10年たった今も同じことを言っているなあ(^^; 

幸せ研をベースに、「社会や経済を不安定にすることなく、どう地球の限界と折り合いをつけ、真に幸せな社会を築いていくか」「社会の真の進歩や幸せを何によって測るのか」に取り組む活動を10年続けてきました。

1つめの問いへの答えは地域にしかない!と考えるようになり、いろいろな地域や自治体の地方創生や地域経済の再活性化などのお手伝いをするようになりました。「地域創生部」の活動です。
https://www.es-inc.jp/regional_revitalization/index.html

2つめの問いへの答えを模索する中で、「アセスメント・見える化ユニット」を立ち上げ、「幸福度の見える化」、「地域経済の見える化」、「ソーシャル・インパクトの見える化などの手法開発と実践を進めています。
https://www.es-inc.jp/visualize/

こうした活動のおかげで、と言いたいところですが、実際には、悪化の一途をたどる地球環境と社会問題の顕在化によって、とくに、気候変動の脅威によって、世界中の政府も企業も、多くの人々も、「これまでどおりは通用しない」という認識を共有するようになり、新たなあり方を模索するようになりました。

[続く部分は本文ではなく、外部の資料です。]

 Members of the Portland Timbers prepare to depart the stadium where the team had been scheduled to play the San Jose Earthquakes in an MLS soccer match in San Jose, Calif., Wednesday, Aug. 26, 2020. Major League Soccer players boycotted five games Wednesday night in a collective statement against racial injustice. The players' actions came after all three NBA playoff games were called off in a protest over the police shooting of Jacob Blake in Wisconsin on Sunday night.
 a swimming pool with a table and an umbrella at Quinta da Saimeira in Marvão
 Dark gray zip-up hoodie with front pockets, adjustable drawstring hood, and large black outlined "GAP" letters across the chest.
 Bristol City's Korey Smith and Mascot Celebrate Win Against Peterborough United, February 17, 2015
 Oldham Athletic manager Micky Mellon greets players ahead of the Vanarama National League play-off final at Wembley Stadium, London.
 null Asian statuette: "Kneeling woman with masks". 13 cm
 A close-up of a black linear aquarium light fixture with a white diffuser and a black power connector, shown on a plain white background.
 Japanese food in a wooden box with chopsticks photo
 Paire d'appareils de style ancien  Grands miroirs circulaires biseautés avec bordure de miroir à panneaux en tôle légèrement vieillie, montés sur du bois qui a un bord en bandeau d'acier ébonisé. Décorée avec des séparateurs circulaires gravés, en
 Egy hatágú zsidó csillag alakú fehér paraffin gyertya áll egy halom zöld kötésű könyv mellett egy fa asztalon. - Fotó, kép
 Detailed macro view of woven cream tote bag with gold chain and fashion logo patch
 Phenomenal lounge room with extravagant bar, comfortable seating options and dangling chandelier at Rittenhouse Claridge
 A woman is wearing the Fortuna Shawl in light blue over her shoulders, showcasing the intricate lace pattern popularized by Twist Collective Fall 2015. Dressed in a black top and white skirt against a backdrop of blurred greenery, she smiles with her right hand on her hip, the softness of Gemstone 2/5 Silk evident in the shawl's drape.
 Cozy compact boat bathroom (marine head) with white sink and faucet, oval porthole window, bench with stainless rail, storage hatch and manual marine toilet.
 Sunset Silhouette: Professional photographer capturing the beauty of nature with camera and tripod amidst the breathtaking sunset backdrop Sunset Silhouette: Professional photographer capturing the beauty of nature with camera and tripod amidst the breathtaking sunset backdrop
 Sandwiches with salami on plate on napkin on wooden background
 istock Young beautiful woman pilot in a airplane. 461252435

ようやく動き出した! あとは時間との戦いに負けずに進んでいけるかどうか……と思っています。

私の師であるデニス・メドウズらが「成長の限界」で、「20年前に取り組みを始めていれば、ずっとラクに、最悪の状況を回避できていたはずなのに」ということをシミュレーションを通じて示したように、また、ナオミ・クラインさんが「地球が燃えている」の中で述べているように、「私たちは「段階的変化」のチャンスを完全に浪費してしまった」、「今日では、20年にわたるはったりと嘘の果てに、残り少ない2度炭素予算が要求するのは、政治的および経済的な覇権に対し、革命的な変化を起こすこと」、「漸進的なアプローチでは、いま必要とされている規模の変革は絶対にできない」、「過激で急激で圧倒的な行動が必要」という状況に陥っているからです。


幸せ研の活動の1つは、毎月の読書会です。幸せ・経済・社会に関わる大事な書籍を読みながら考える会で、106回を数えています。

1月にはナオミ・クラインさんの『地球が燃えている』を取り上げました。(音声受講もできます)
https://www.ishes.org/news/2021/inws_id002874.html

また、今月は斉藤幸平さんの『人新世の「資本論」』を取り上げ、多くの参加者とディスカションしながら考えを深めました。(こちらも音声受講ができます)
https://www.ishes.org/news/2021/inws_id002881.html

この2冊は「気候変動にどう対処すべきか」という共通のテーマを取り上げており、2冊読んでみることで視野も考えも広がります。